Main findings
The commonest associated aetiology with sIUFD in MC twin pregnancies was
TTTS and the majority had undergone prenatal therapy prior to sIUFD (as
opposed to being conservatively managed). The second most common
aetiology was “spontaneous” with no obvious underlying aetiology (i.e.

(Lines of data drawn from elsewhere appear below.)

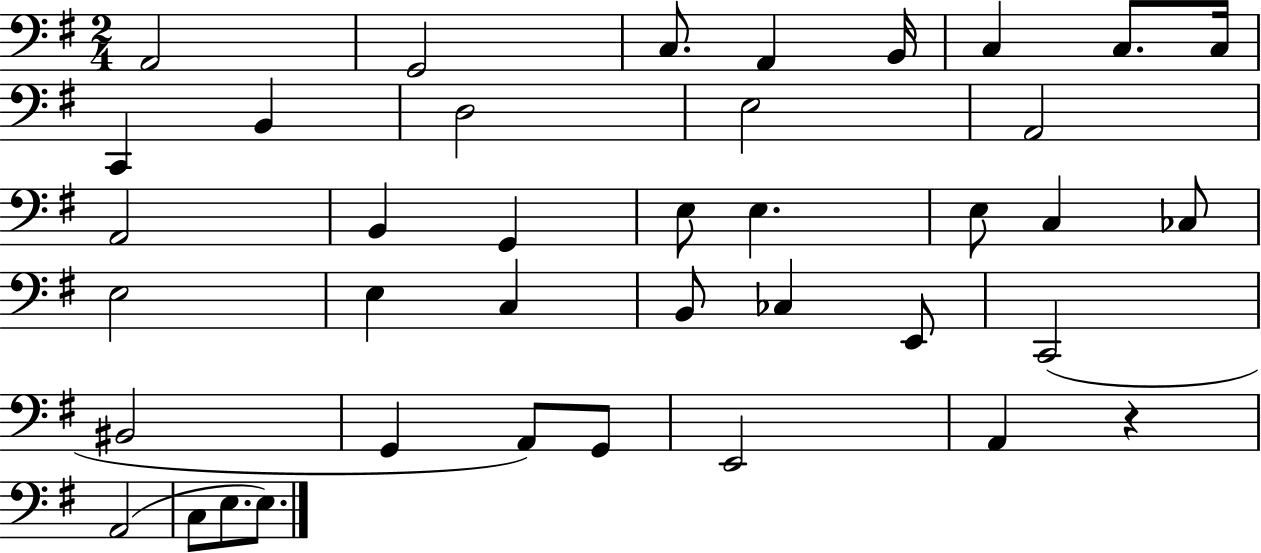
X:1
T:Untitled
M:2/4
L:1/4
K:G
A,,2 G,,2 C,/2 A,, B,,/4 C, C,/2 C,/4 C,, B,, D,2 E,2 A,,2 A,,2 B,, G,, E,/2 E, E,/2 C, _C,/2 E,2 E, C, B,,/2 _C, E,,/2 C,,2 ^B,,2 G,, A,,/2 G,,/2 E,,2 A,, z A,,2 C,/2 E,/2 E,/2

no signs of TTTS, sIUGR or congenital/structural anomaly), followed by
congenital/structural anomaly, and sIUGR being the least common. Death
of the co-twin following sIUFD was common, complicating 1 in 7
pregnancies. Less than two thirds of cases had investigation by
antenatal CNS imaging to identify ischaemic brain injury. Of the cases
whose imaging results were known to the UKOSS reporter, 1 in 5 had
radiological findings suggestive of neurological morbidity. Postnatal
CNS imaging revealed a further 7 babies with brain abnormalities (mainly
on cranial USS), all of which were born at <36 weeks, and 4 of
whom also had abnormal CNS signs. Preterm birth was the commonest
adverse outcome, with three quarters of twins born at less than 37 weeks
gestation, and an equal split between spontaneous preterm birth, and
those delivered iatrogenically. Major maternal morbidity was not
uncommon, with 6% requiring ITU admission, compared to 0.22% of the
general obstetric population reported in the 2015/2016 National
Maternity and Perinatal Audit18. Interestingly, all
maternal admissions were related to sepsis, although not all women had
undergone prenatal ‘invasive’ interventions for therapy.